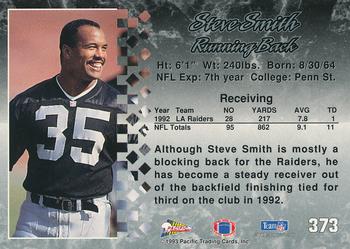 1993 Pacific #373 Steve Smith Back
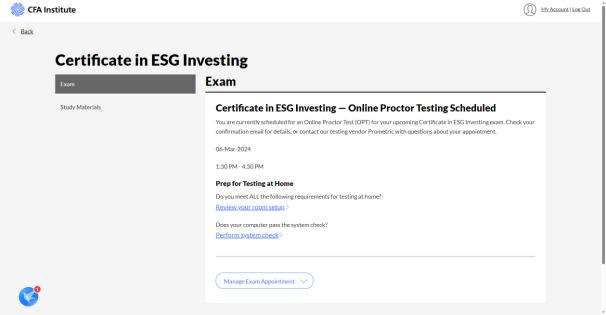 ESG考試預(yù)約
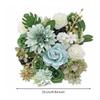 Faux Flower Arrangement Mixed Artificial Box Set Layered Flowers with for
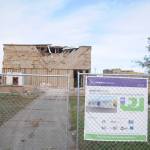 A view of the Sequim Community School as portions of it come down in October. Sequim Gazette file photo by Michael Dashiell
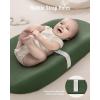 imageBlissful Diary Muslin Changing Pad Cover for Girls Boys Soft Baby Diaper Change Table Pad Covers 2 Pack Monstera Leaves ampamp Dark Green AvocadoMonstera LeavesDark Green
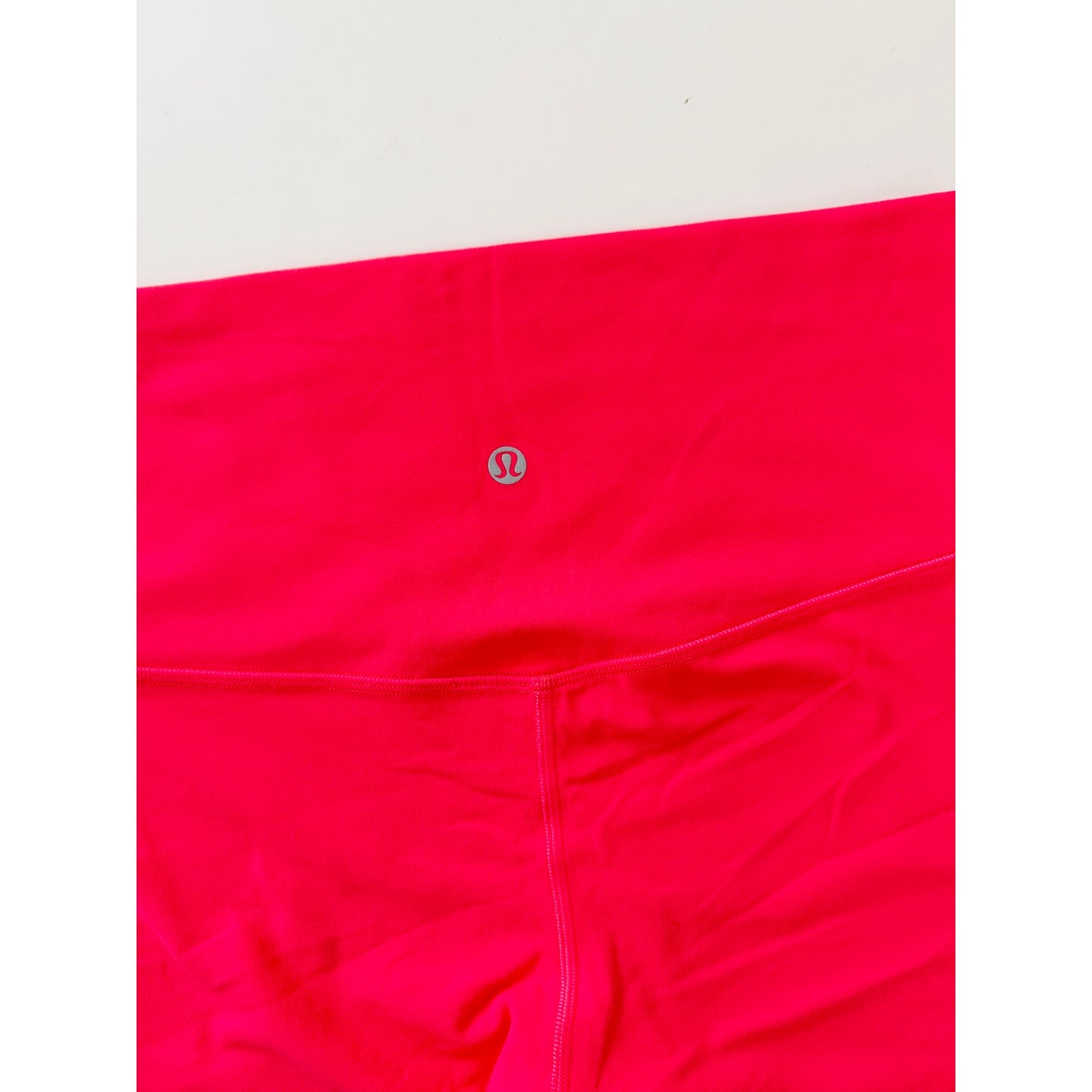 lululemon pink align high rise shorts - size 8, 4"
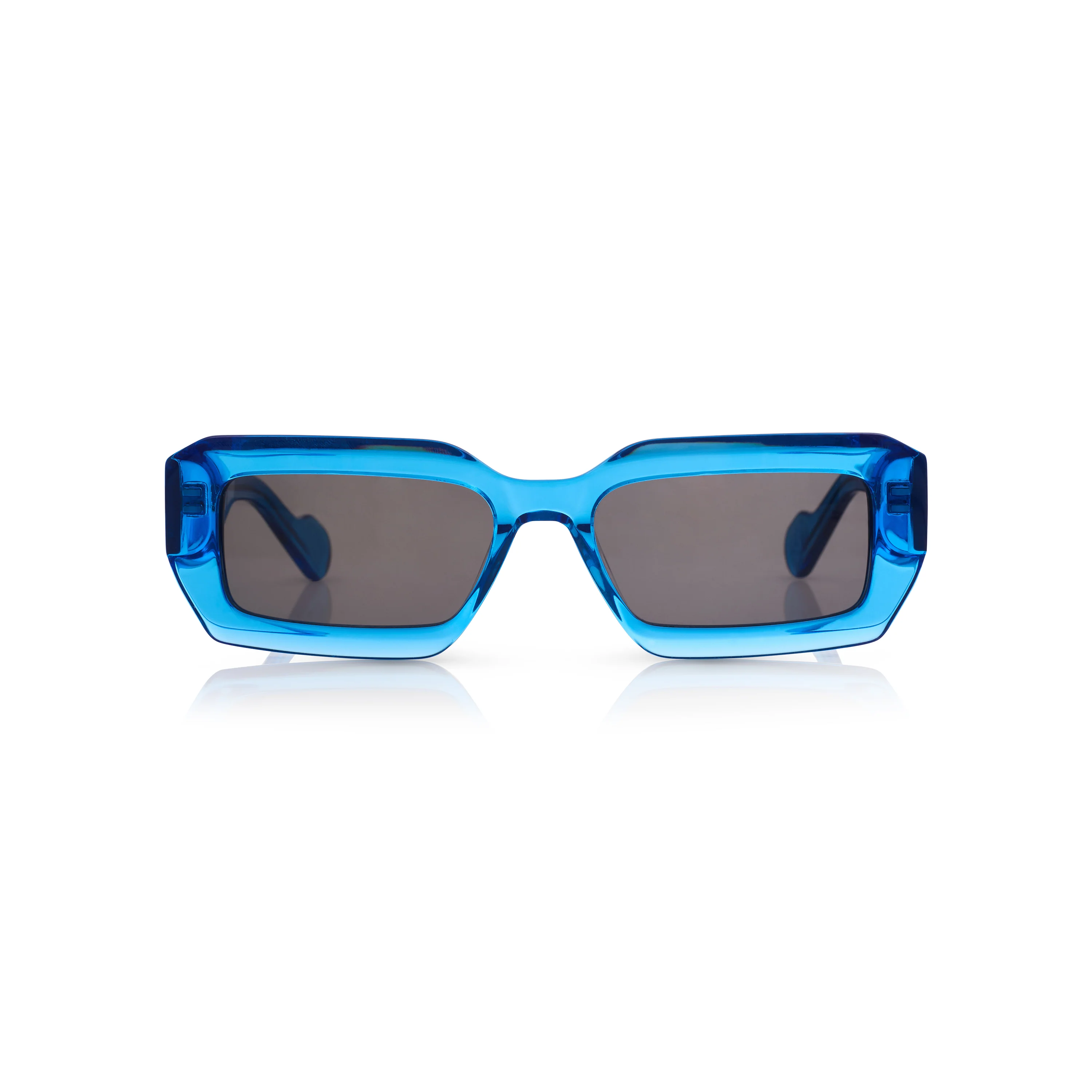 Square Real Madrid Acetate Sunglasses Blue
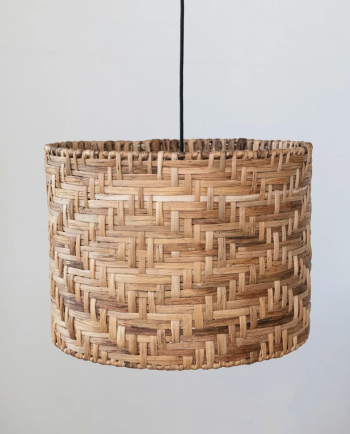woven seagrass pendant lamp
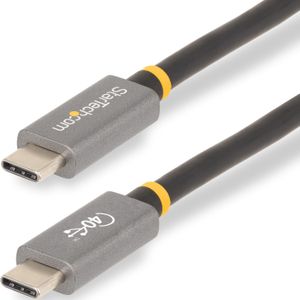 StarTech 1m USB4 Kabel, USB-IF Gecertificeerde USB-C Kabel, 40 Gbps, USB Type-C Data Transfer Kabel, 100W Power Delivery, 8K 60Hz, Compatibel met Thunderbolt 4/3/USB 3.2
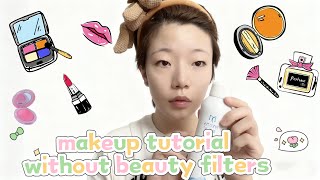No-Filter Makeup💄 Tutorial with ASMR Voiceover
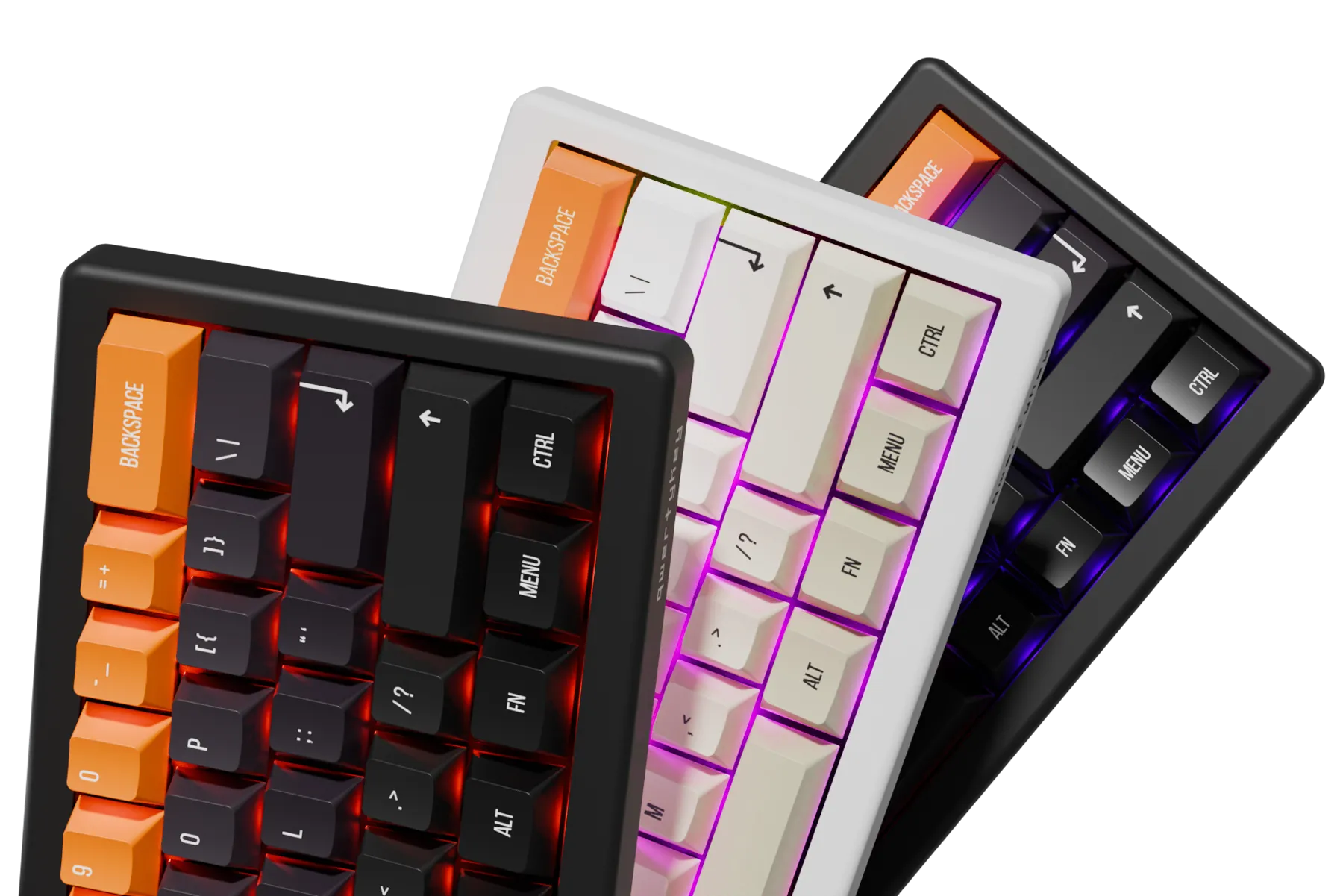 QwertyKey61 PRO Black Hotswap RGB VIA Gasket Mounted Gaming Mechanical Keyboard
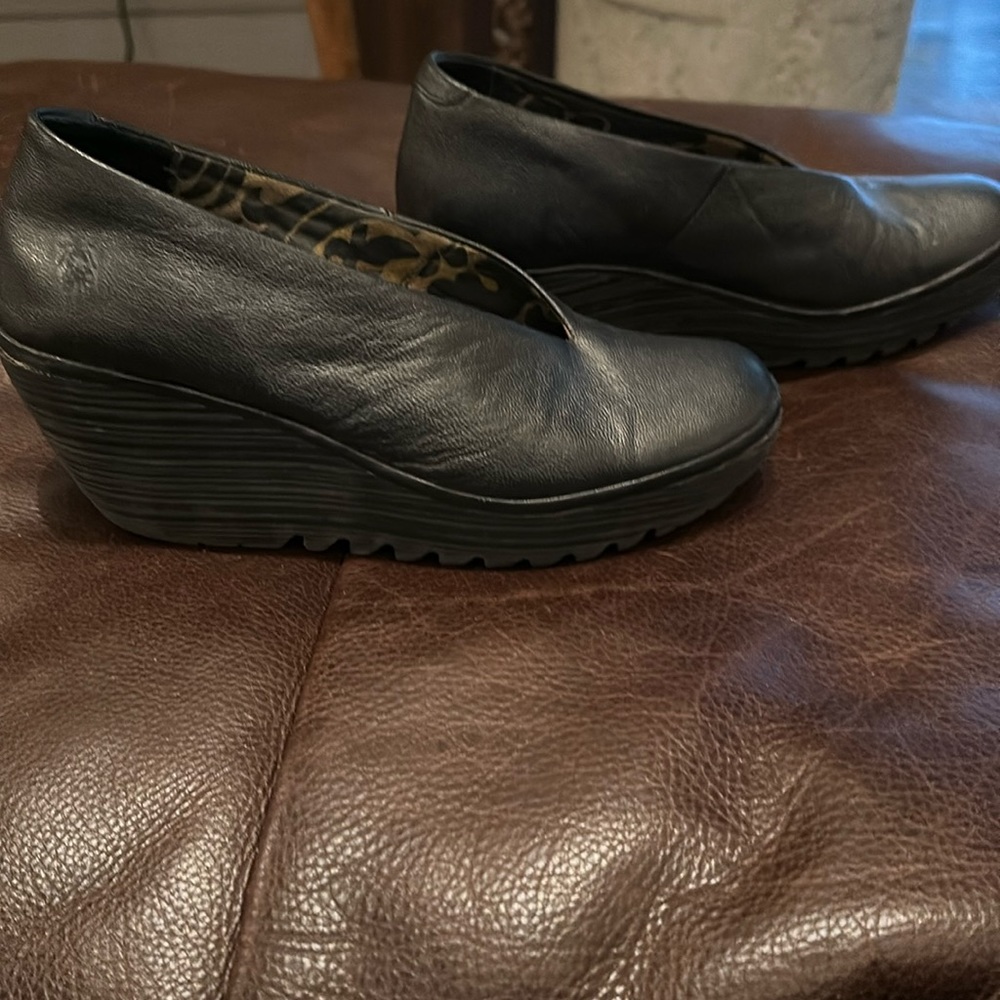Fly London Leather Wedges size 8
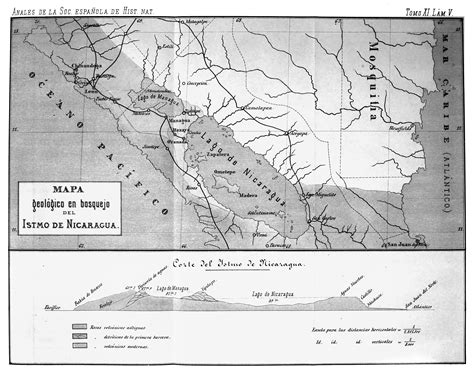 File:Geological Map in Sketch of the Isthmus of Nicaragua, ca. 1882.jpg - Kook Science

○ ○ ○ ○

* [EXERCISE DIRECTIONS]: Each line of the listing above must be given again exactly; the pictures are to be left out.

* [TASK OUTPUT]:
 1993 Pacific #373 Steve Smith Back
 ESG考試預(yù)約
 Faux Flower Arrangement Mixed Artificial Box Set Layered Flowers with for
 A view of the Sequim Community School as portions of it come down in October. Sequim Gazette file photo by Michael Dashiell
 imageBlissful Diary Muslin Changing Pad Cover for Girls Boys Soft Baby Diaper Change Table Pad Covers 2 Pack Monstera Leaves ampamp Dark Green AvocadoMonstera LeavesDark Green
 lululemon pink align high rise shorts - size 8, 4"
 Square Real Madrid Acetate Sunglasses Blue
woven seagrass pendant lamp
 StarTech 1m USB4 Kabel, USB-IF Gecertificeerde USB-C Kabel, 40 Gbps, USB Type-C Data Transfer Kabel, 100W Power Delivery, 8K 60Hz, Compatibel met Thunderbolt 4/3/USB 3.2
No-Filter Makeup💄 Tutorial with ASMR Voiceover
 QwertyKey61 PRO Black Hotswap RGB VIA Gasket Mounted Gaming Mechanical Keyboard
Fly London Leather Wedges size 8
 File:Geological Map in Sketch of the Isthmus of Nicaragua, ca. 1882.jpg - Kook Science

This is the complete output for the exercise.